A divisão entre “Disc 29” e “Disc 39” oferece a espinha dorsal conceitual. A ideia é revisitar Fayetteville em dois momentos distintos da vida, usando a cidade natal como lente para observar ambição, sucesso, frustração e maturidade. O retorno ao “Ville” não é apenas geográfico, mas simbólico. Tudo começa e termina ali, como se a identidade do artista fosse inseparável do lugar que o moldou.
No entanto, esse conceito enfrenta um obstáculo evidente: grande parte dessas reflexões já atravessa a discografia de Cole. A relação com a fama, o conflito entre autenticidade e indústria, a solidão do estrelato e o apego às origens são temas recorrentes desde 2014 Forest Hills Drive. Ao retomar essas questões em um suposto álbum final, o rapper vai além de oferecer uma memória, mas uma nova perspectiva.
Disc 29
No primeiro disco, o recorte dos 29 anos aposta em uma energia mais áspera. Há momentos em que J. Cole adota uma postura mais agressiva, encostando em narrativas de rua e explorando uma tensão que muitos críticos sempre disseram faltar em sua obra. Quando ele encontra esse equilíbrio, o disco ganha corpo. A técnica está afiada, o flow seguro e a escrita detalhista.
Ainda assim, existe um paradoxo inevitável: é o Cole de 39 anos que escreve sobre o de 29. A tentativa de “encarnar” o passado soa, por vezes, como reconstrução calculada. Em vez de capturar a incerteza daquele período, algumas faixas parecem regravar emoções com o refinamento que só o tempo traz. O resultado que impressiona tecnicamente, nem sempre emociona com a mesma intensidade.
Musicalmente, o álbum funciona como arquivo afetivo do hip-hop. Samples, interpolações e referências atravessam décadas, conectando Nas, DMX, OutKast e tradições do Sul a um presente que busca continuidade. Cole se posiciona como estudante aplicado da cultura, alguém que conhece as bases e quer dialogar com elas. Essa curadoria é consistente e ajuda a sustentar a ideia de síntese.

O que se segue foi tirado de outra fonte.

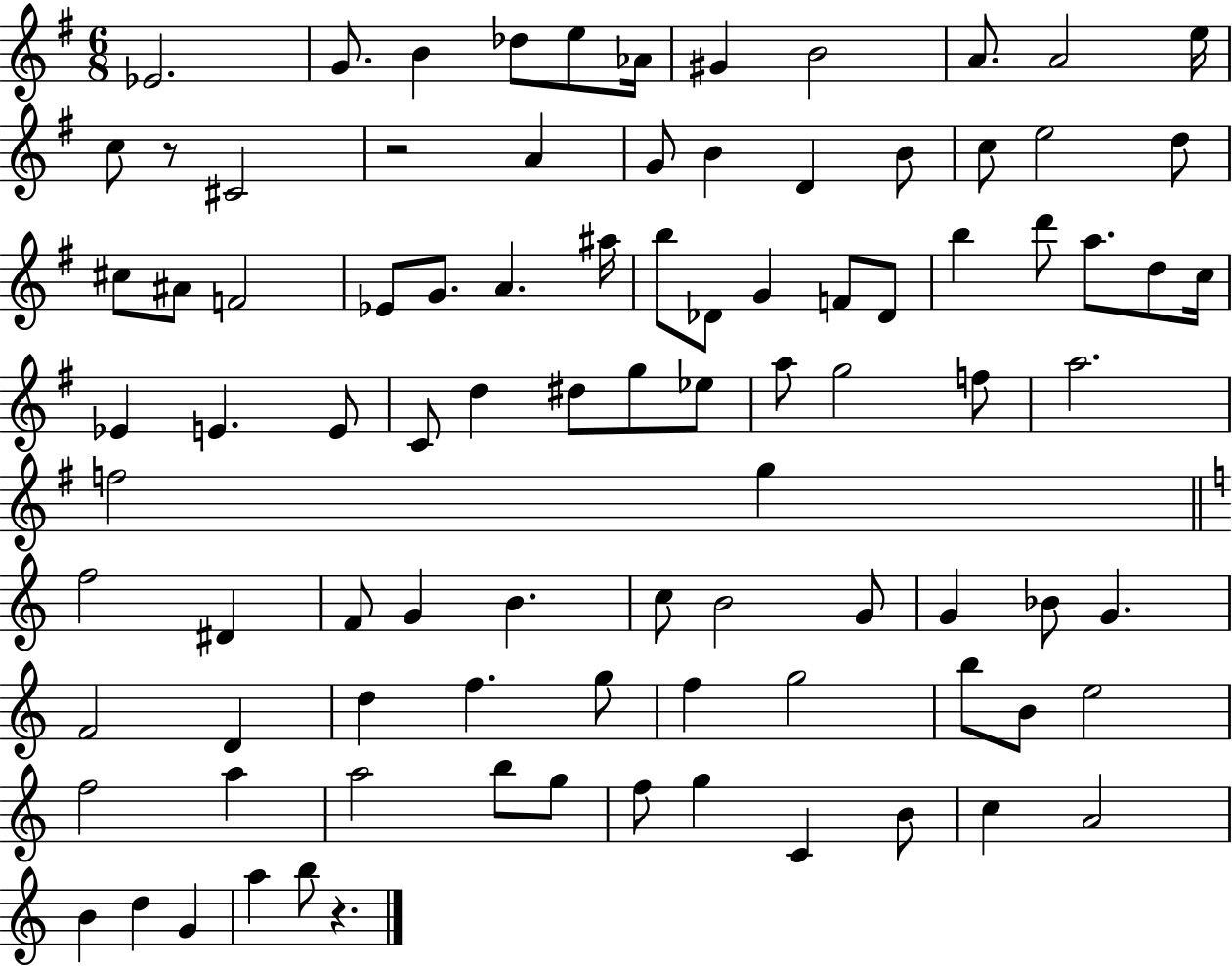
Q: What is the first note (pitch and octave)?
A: Eb4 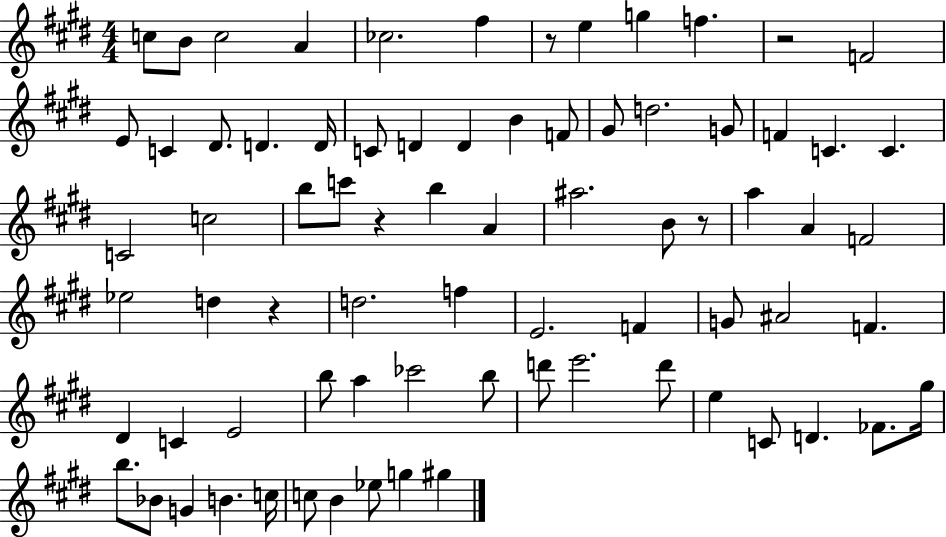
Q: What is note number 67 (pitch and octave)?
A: C5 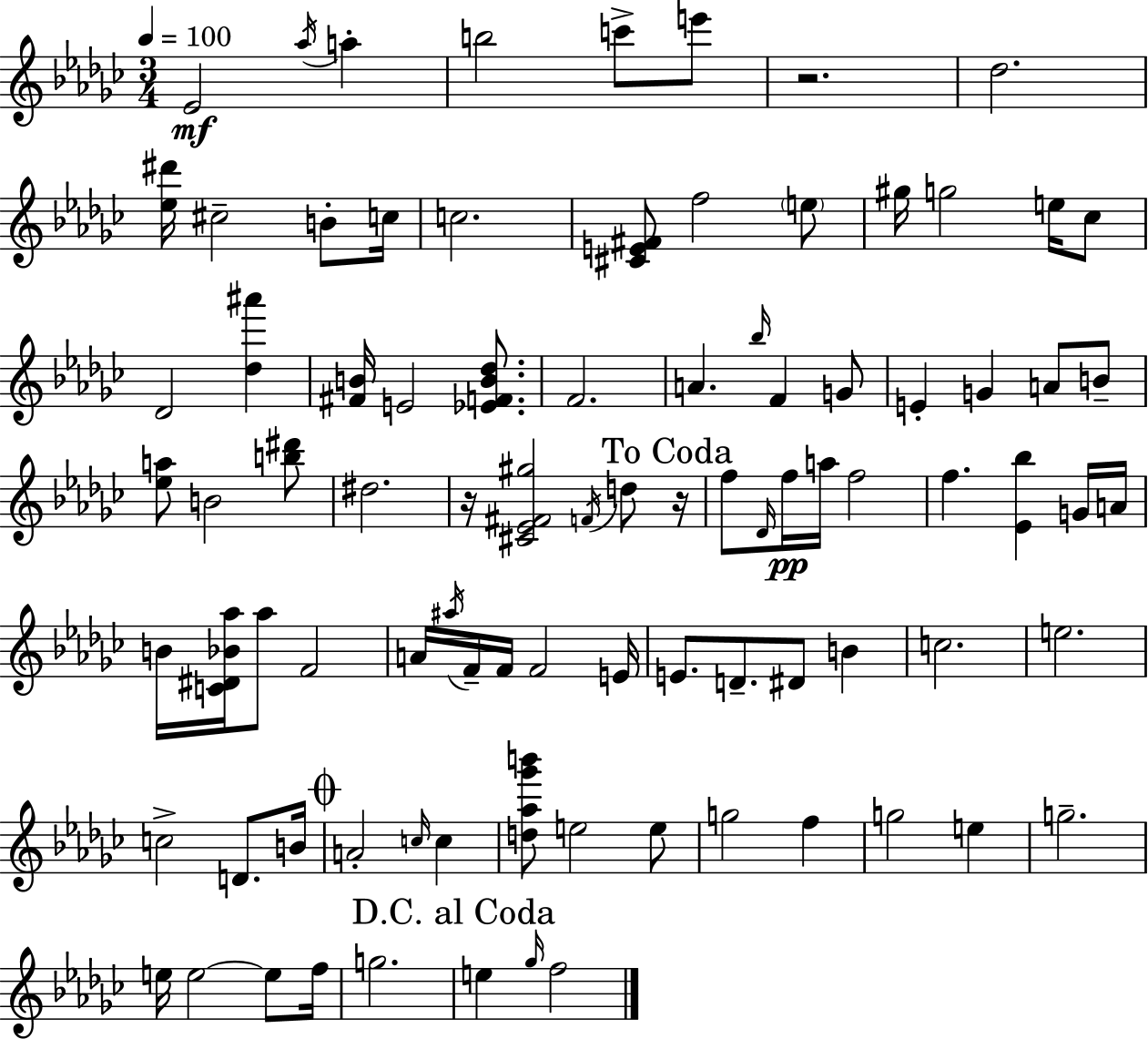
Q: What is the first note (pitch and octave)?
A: Eb4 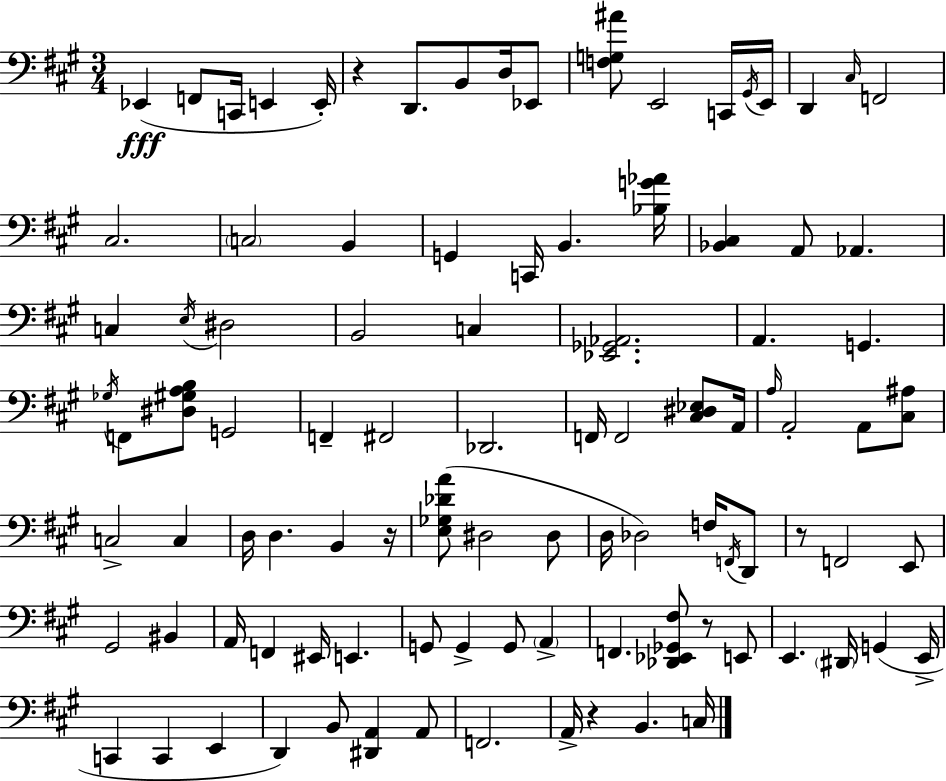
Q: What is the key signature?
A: A major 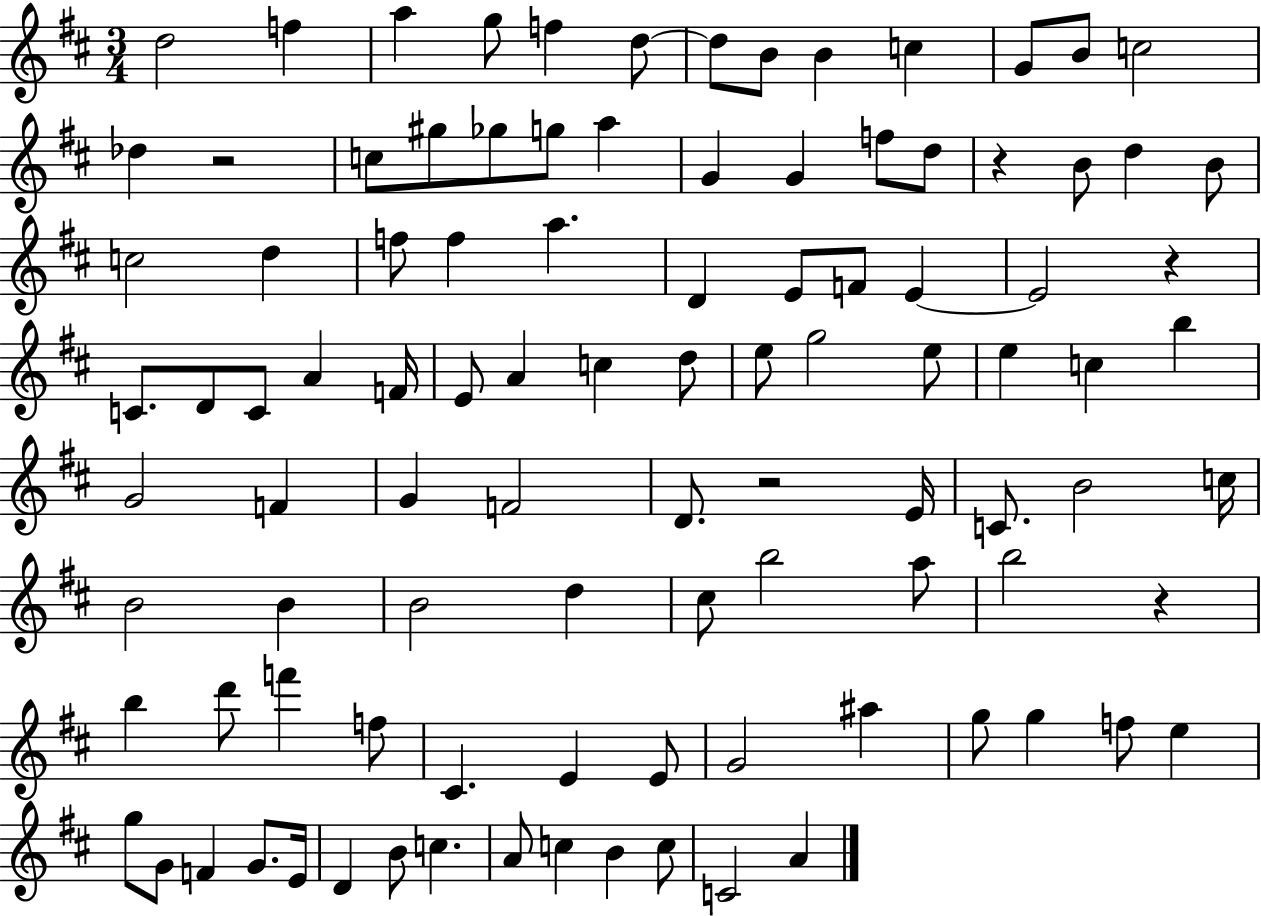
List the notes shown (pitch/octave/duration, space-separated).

D5/h F5/q A5/q G5/e F5/q D5/e D5/e B4/e B4/q C5/q G4/e B4/e C5/h Db5/q R/h C5/e G#5/e Gb5/e G5/e A5/q G4/q G4/q F5/e D5/e R/q B4/e D5/q B4/e C5/h D5/q F5/e F5/q A5/q. D4/q E4/e F4/e E4/q E4/h R/q C4/e. D4/e C4/e A4/q F4/s E4/e A4/q C5/q D5/e E5/e G5/h E5/e E5/q C5/q B5/q G4/h F4/q G4/q F4/h D4/e. R/h E4/s C4/e. B4/h C5/s B4/h B4/q B4/h D5/q C#5/e B5/h A5/e B5/h R/q B5/q D6/e F6/q F5/e C#4/q. E4/q E4/e G4/h A#5/q G5/e G5/q F5/e E5/q G5/e G4/e F4/q G4/e. E4/s D4/q B4/e C5/q. A4/e C5/q B4/q C5/e C4/h A4/q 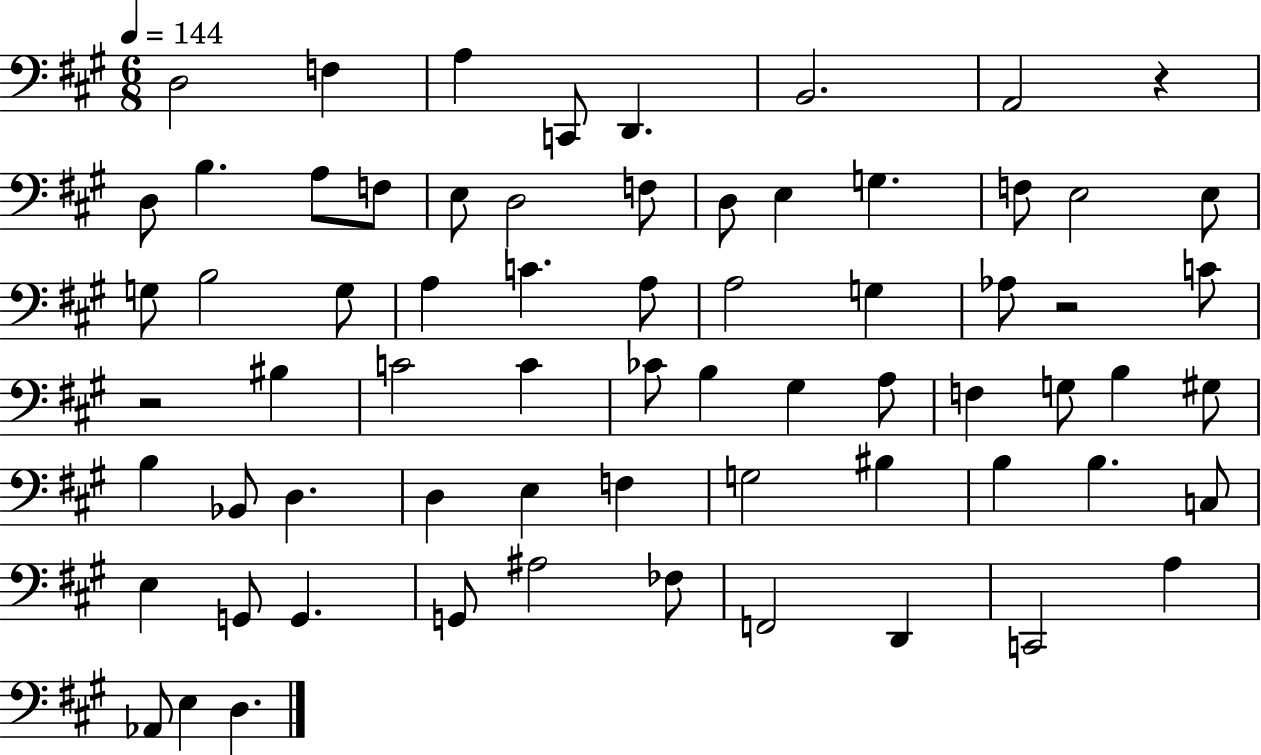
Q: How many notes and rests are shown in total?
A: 68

O problema surge quando o tributo se aproxima demais da reverência didática. Em alguns momentos, The Fall Off parece querer explicar o hip-hop, mostrando uma certa ambição de encapsular uma história coletiva dentro de uma narrativa pessoal torna o disco mais cerebral do que passional.
Disc 39
É no segundo disco, “Disc 39”, que o projeto encontra maior coerência. Aqui, a maturidade é assumida e faixas como “The Fall-Off Is Inevitable” trabalham com a ideia de tempo reverso e finitude de maneira mais orgânica, transformando o conceito em experiência concreta. O tom, no final, é menos performático e mais reflexivo.
O contexto recente da saída de J. Cole de um dos maiores confrontos midiáticos do rap também paira sobre o álbum. Em vez de alimentar o espetáculo, ele opta por refletir sobre masculinidade, ego e a lógica da competição como entretenimento. Não há grandes revelações, mas há consistência na escolha de se posicionar fora do ruído.
Entre altos e baixos, o disco atinge seu ponto mais sincero quando abandona a tese e volta ao cotidiano. Em “Quik Stop”, ao narrar um encontro simples com um fã, Cole parece reencontrar o sentido do que faz. Ali, o rap deixa de ser disputa e vira conexão.
O adeus de J. Cole
No fim, The Fall Off não é a obra definitiva que o anúncio de despedida sugeria, mas é um retrato honesto de um artista em transição. Não há explosão final nem reinvenção radical. O que existe é um esforço consciente de organizar a própria trajetória e aceitar que legado se constrói ao longo do tempo.
Se este for realmente o último capítulo, ele encerra a história de maneira coerente com quem J. Cole sempre foi: um rapper mais preocupado em entender o próprio caminho do que em dominar o mapa inteiro.